She could admit to herself now that yes, she was terrified. Afraid of dying, afraid of—could she use the word?—the
zombies
. And God help her, afraid of turning into one.

She was disappointed in herself. She’d grown up knowing about LDs, thinking about them, advocating for them. When she was ten years old, Crystal had told her about her uncle, and where he was being held (secret emails from Deadtown had begun to arrive by then), and why her grandmother was also in prison. Ruby did not freak out. Quite the opposite: She was thrilled. By thirteen she’d become something of an undead ally, an activist who picked schoolyard fights whenever her classmates played Humans vs. Zombies. In eighth grade she went door to door with a petition demanding that the government give amnesty to any undead in hiding (she got five signatures). When she was seventeen she joined Amnesty International and started a blog, Dead to Rights. The amount of hate mail she received—and answered—was stunning. When people told her about the coming apocalypse, she called them bigots.

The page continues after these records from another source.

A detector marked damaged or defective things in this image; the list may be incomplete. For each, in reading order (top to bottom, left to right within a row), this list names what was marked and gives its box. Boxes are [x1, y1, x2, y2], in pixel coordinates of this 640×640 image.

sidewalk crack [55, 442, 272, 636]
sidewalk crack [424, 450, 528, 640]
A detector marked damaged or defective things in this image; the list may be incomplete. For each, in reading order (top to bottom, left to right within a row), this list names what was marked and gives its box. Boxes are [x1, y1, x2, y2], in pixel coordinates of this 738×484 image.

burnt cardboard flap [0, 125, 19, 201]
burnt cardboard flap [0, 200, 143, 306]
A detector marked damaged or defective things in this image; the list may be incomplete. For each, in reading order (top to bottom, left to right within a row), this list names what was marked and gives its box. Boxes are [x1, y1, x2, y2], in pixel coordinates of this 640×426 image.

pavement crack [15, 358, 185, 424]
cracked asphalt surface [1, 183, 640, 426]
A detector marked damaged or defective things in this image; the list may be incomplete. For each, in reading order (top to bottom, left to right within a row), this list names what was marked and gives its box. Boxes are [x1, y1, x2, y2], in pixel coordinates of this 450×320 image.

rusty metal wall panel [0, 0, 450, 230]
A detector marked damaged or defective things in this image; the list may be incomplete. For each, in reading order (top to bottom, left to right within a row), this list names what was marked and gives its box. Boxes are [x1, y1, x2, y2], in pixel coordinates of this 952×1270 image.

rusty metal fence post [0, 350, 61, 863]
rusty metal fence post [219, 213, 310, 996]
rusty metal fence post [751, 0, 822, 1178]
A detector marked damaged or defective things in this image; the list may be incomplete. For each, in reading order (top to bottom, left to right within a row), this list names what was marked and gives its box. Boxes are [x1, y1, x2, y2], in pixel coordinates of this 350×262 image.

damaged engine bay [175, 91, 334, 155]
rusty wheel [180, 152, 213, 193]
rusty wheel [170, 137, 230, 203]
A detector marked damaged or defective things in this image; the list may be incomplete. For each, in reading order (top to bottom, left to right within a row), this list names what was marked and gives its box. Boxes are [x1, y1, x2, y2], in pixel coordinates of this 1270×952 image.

Bet they’re laughing it up now. As they get their arms bitten off. Fuckheads.

But it wasn’t just the undead she needed to worry about; the living could kill her, too. What if one of her fellow tenants tried to fight LDs with a torch—the whole building could come down. She would have to flee the building and take her chances on the street. Even if she managed to stay in the apartment undetected, eventually she’d have to leave to find food, and risk being shot by a survivor.

Alice had taught her that the outbreak, when it came, would not be over soon. The fever lasted only forty-eight hours, but that didn’t mean everything would be over in two days max. It was a rolling infection, so even as some of the first to die recovered their sanity, others were dying, or in the throes of the fever.

Near 11 p.m. she got a text from her friend Gina:
Where r u? Help
.

Ruby stared at her phone. Gina lived two blocks away, on Lincoln Avenue. Another message from Gina popped up:
Zs in my building
.

Hide
, Ruby typed.
Don’t make a noise
.

A minute passed. Two.

Gina?

She couldn’t tell if her texts were getting through. None were coming to her anymore.

She sent again:
Gina? Are you there?

Months later, long after the cell networks had gone silent, Ruby would not throw away her phone. She had a vague idea that someday the electricity and the satellites and the cell towers would all come back online. Someday, Gina would call her.

* * *

 

Sometime later—this must have been two or three in the morning, after her cell battery had died—she lurched awake, blinked at the dark room. Her hand still gripped the gun. She didn’t know she’d been asleep. She didn’t know what had awakened her. There’d been a huge noise—an explosion, from somewhere outside.

She pulled the blanket from her. Her laptop screen was dead. The clock above the microwave had gone out, too. A blown transformer, then?

She went to the window. The street was dark: street lamps out, not a window lit. In the distance was the faint orange glow of a large fire. Were there shapes moving on the street? She could see nothing, but imagine everything.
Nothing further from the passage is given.